Albaugh picked Charleston, S.C., for the 787 Dreamliner’s second final assembly line in 2009. But he also signed a long-term contract agreement with the Machinists union in 2011 that secured the 737 MAX for Renton.

Then, Seattle-born Conner, who climbed through Boeing’s ranks from mechanic to succeed Albaugh as CEO, led the decision on where the 777X would be built.

In 2014, Everett won again. But this time the local success was darkened by an acrimonious struggle with the Machinists union, whose members were forced to give up their traditional pensions to win the prize.

Next up, McAllister.

An indication of a shift in thinking for the next new airplane was described by the customer executive who asked not to be named.

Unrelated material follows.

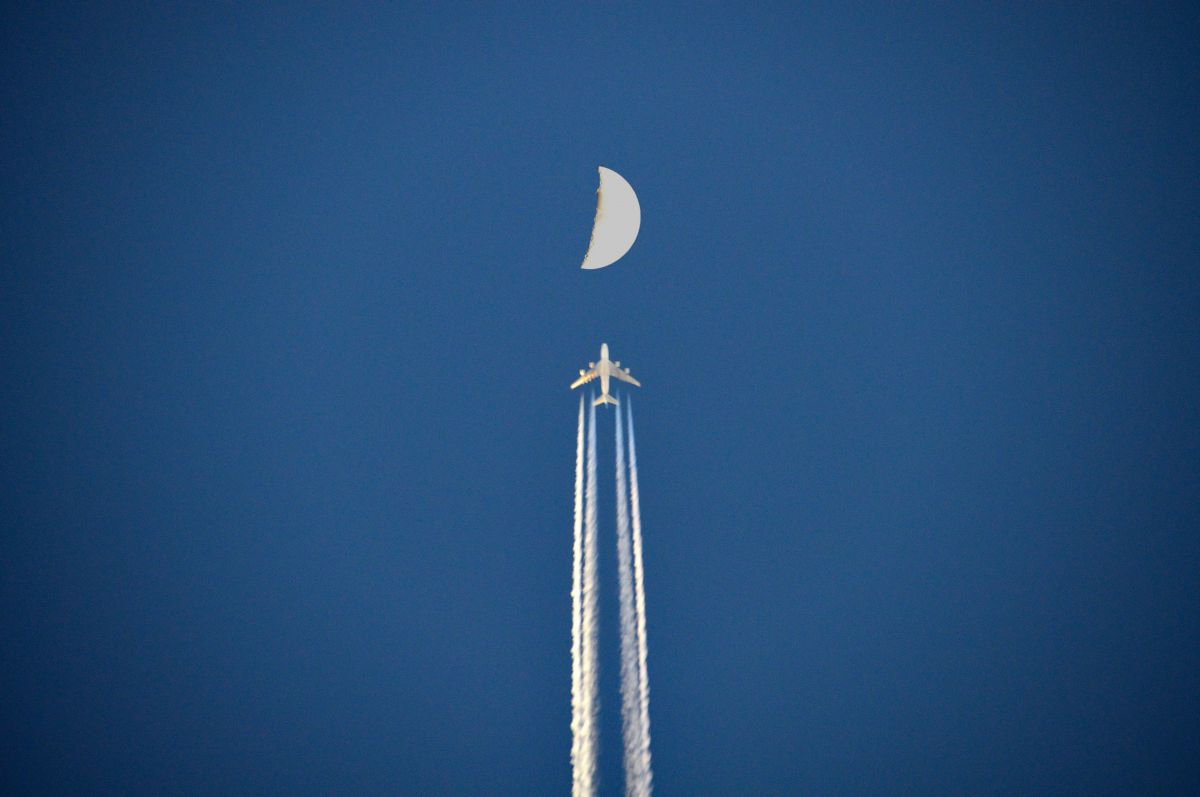 Moon ＆ Contrail | GANREF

Early this year, McAllister asked for a presentation on what it had cost Boeing, in work hours and dollars, to support one of its 787 partners when that company ran into trouble supplying its part of the plane some years ago.

When the answer came back, it wasn’t far short of the total capital value of the supplier partner. McAllister’s response: Instead of putting all that money in, we could have bought that company.

If Boeing had done so, now that the 787 program is running smoothly, it would have reaped the benefit of providing spares for the parts of the airplane that are still supplied by that partner.

That way of thinking clearly provides an incentive for Boeing to keep more work in-house on future aircraft, rather than outsourcing.

Yet for now, McAllister keeps the plan for the next new airplane close and offers no guarantees.

After a steady decline in local Boeing employment, with more than 20,000 jobs cut in the last five years, he remains noncommittal on where employment here is headed in the near term.

“Employment will come out in some (work) areas, and go up in others,” he said.

McAllister is certainly impressed by the local workforce’s productivity efforts, which he said allow Boeing to sell more airplanes and so to add more jobs.

He marvels at the huge automation projects that have been completed on the 737 line in Renton without a pause in the accelerating production rates there, even as the new model 737 MAX was simultaneously introduced.

And though the latest robotic technology being introduced in Everett for the 777X has run into problems, he says engineers are fixing them as they go.

“We are going through the biggest industrial transformation in the company,” McAllister said. “When you take on things of that scale, you encounter tough challenges, and we’ve had them. But we’re getting through them.

“When we have issues, we swarm at them early,” he said.

He pointed to those enormous local investments, in the automation of production in Renton and especially the $1 billion-plus 777X wing fabrication center in Everett, by way of long-term reassurance.

“When we invest in a factory, it’s for an airplane with a 20-year life cycle. These are big-footprint investments in the future,” McAllister said. “We have invested more in the Puget Sound than anyplace else in the world.”